Kairos: Towards Adaptive and Generalizable Time Series Foundation Models
- URL: http://arxiv.org/abs/2509.25826v1
- Date: Tue, 30 Sep 2025 06:02:26 GMT
- Title: Kairos: Towards Adaptive and Generalizable Time Series Foundation Models
- Authors: Kun Feng, Shaocheng Lan, Yuchen Fang, Wenchao He, Lintao Ma, Xingyu Lu, Kan Ren,
- Abstract summary: Time series foundation models (TSFMs) have emerged as a powerful paradigm for time series analysis.<n>We propose Kairos, a flexible TSFM framework that integrates a dynamic patching tokenizer and an instance-adaptive positional embedding.<n>Kairos achieves superior performance with much fewer parameters on two common zero-shot benchmarks.
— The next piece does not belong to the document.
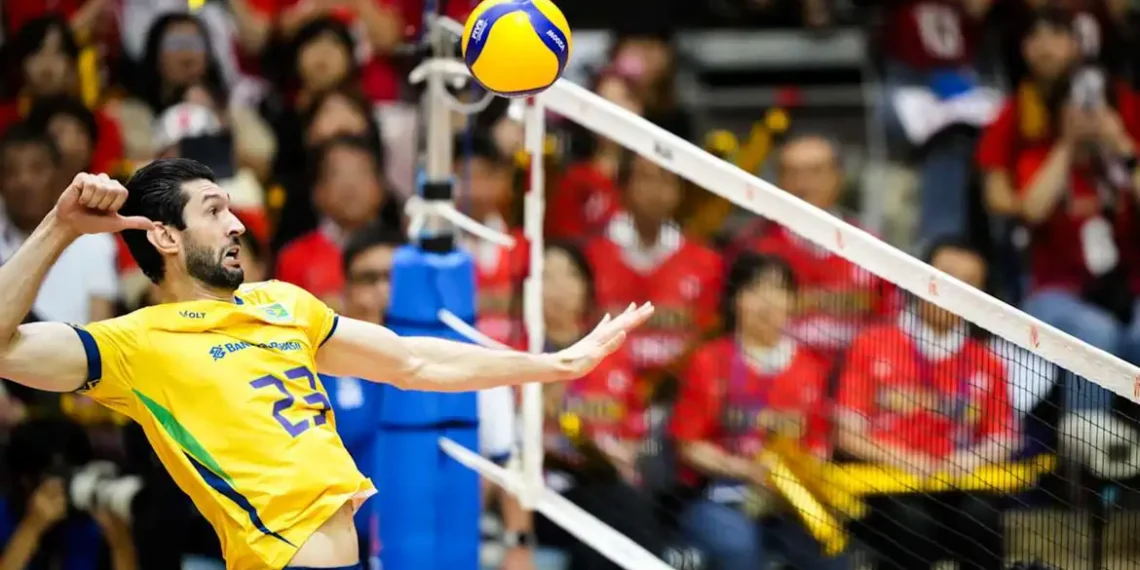 Com vitória sobre o Japão por 3 sets a 0, o Brasil garante vaga antecipada nas quartas da Liga das Nações de Vôlei Masculino. Seleção ainda enfrenta Turquia e Alemanha em Chiba, no Japão.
- Score: 27.076542021368056
- License: http://arxiv.org/licenses/nonexclusive-distrib/1.0/
- Abstract: Time series foundation models (TSFMs) have emerged as a powerful paradigm for time series analysis, driven by large-scale pretraining on diverse data corpora. However, time series inherently exhibit heterogeneous information density over time, influenced by system states and signal complexity, presenting significant modeling challenges especially in a zero-shot scenario. Current TSFMs rely on non-adaptive processing pipelines that fail to capture this dynamic nature. For example, common tokenization strategies such as fixed-size patching enforce rigid observational granularity, limiting their ability to adapt to varying information densities. Similarly, conventional positional encodings impose a uniform temporal scale, making it difficult to model diverse periodicities and trends across series. To overcome these limitations, we propose Kairos, a flexible TSFM framework that integrates a dynamic patching tokenizer and an instance-adaptive positional embedding. Kairos adaptively selects tokenization granularity and tailors positional encodings to the unique characteristics of each time series instance. Trained on a large-scale Predictability-Stratified Time Series (PreSTS) corpus comprising over 300 billion time points and adopting a multi-patch prediction strategy in the inference stage, Kairos achieves superior performance with much fewer parameters on two common zero-shot benchmarks, GIFT-Eval and the Time-Series-Library benchmark, consistently outperforming established methods across diverse tasks. The project page is at https://foundation-model-research.github.io/Kairos .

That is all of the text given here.